New ideas in diplomacy and international affairs, are in fact required desperately. In theory, Canada is well positioned to deliver them and lead; in practise, it is not yet meeting that challenge.  As Janice Gross Stein says in her introduction, “is Canada simply too late to a worldwide party under way?” I would add, do Canadians even care?

“We cannot seem to make up our minds”, says Brian Bow and, it is, indeed, up in the air still how Canada, as a nation, will respond to the real and immediate challenges of new mass politics driven by severe economic disparaties, of abuse of the planet’s resources, or our basic tribal instincts still running amock in patritotic disguises. “The national interest has become a calculation made in a global context (beyond) familiar economic and security concerns”, says Thorsell.
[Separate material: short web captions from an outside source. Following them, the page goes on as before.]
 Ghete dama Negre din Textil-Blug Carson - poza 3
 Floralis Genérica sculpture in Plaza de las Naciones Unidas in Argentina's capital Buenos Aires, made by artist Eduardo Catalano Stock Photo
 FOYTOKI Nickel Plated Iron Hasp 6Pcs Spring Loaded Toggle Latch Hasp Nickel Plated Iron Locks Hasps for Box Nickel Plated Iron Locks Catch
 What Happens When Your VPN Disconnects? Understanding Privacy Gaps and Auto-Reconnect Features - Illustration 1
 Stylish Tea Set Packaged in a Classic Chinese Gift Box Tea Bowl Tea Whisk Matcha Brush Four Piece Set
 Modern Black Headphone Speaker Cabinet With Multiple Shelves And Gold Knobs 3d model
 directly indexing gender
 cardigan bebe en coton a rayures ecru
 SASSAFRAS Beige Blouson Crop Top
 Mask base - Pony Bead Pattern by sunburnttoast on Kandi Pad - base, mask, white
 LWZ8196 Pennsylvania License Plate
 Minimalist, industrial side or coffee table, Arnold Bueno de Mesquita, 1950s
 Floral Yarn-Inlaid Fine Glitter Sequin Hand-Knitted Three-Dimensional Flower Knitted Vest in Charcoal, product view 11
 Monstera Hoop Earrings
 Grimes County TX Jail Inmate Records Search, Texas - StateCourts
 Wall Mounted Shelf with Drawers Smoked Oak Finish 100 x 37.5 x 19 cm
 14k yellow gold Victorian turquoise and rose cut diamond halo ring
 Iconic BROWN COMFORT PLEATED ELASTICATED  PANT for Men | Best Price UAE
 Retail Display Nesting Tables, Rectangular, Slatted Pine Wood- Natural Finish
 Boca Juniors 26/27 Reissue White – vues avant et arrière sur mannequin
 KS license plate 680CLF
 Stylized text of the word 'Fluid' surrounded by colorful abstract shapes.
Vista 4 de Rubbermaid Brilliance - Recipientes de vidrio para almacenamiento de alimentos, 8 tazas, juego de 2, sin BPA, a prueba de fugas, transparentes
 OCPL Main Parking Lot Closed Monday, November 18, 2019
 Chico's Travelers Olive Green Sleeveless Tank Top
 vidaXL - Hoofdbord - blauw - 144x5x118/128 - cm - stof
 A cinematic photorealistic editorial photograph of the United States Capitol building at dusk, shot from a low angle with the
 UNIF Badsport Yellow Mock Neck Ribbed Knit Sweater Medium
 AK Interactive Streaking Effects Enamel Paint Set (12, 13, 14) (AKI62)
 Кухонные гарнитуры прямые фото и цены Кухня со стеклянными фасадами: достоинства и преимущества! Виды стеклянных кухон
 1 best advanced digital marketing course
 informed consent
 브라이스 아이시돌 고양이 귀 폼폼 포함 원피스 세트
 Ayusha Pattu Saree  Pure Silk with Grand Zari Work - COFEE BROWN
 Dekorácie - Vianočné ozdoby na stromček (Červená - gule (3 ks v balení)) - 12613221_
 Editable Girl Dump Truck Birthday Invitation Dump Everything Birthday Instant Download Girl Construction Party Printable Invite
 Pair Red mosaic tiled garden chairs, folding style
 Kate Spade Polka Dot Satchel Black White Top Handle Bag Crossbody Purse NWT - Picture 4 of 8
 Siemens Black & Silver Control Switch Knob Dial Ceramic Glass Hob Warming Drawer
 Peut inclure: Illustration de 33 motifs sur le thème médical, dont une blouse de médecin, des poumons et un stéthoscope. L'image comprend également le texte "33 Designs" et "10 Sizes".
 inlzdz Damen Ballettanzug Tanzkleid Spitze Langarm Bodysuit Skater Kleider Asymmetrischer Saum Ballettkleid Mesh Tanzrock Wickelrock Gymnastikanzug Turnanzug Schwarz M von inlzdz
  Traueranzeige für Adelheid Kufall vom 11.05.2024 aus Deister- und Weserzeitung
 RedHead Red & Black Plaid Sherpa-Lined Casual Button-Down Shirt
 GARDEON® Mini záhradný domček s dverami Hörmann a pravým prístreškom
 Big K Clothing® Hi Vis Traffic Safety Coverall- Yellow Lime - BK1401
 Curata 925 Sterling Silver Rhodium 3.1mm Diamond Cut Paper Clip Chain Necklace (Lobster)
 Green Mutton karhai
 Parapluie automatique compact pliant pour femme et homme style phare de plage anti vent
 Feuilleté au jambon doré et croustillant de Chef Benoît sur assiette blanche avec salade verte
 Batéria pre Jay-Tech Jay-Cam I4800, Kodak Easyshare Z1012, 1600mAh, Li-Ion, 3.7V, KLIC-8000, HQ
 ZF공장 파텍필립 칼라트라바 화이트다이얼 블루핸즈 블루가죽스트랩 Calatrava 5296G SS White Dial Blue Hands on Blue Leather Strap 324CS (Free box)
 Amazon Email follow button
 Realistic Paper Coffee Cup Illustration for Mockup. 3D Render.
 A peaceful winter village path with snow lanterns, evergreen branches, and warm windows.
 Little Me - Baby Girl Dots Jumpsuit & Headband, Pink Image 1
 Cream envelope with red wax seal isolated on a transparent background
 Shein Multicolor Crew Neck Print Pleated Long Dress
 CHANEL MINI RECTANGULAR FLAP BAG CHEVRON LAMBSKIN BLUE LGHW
We may be wise to listen, and apply this guiding principle before all the digital fiddling.

The answer may also lie in an irony. It may be that, after a grand detour of a few decades, Trudeau was right after all.  It may now be the time to look beyond continental constraints, and retry our vocation as a country that carves new ground with new partners, globally. As Edward Greenspon reports in his essay, even Alan Gotlieb, who as recently as 2004 diminished the importance of the “Third Option”, now believes that “its moment has finally arrived”.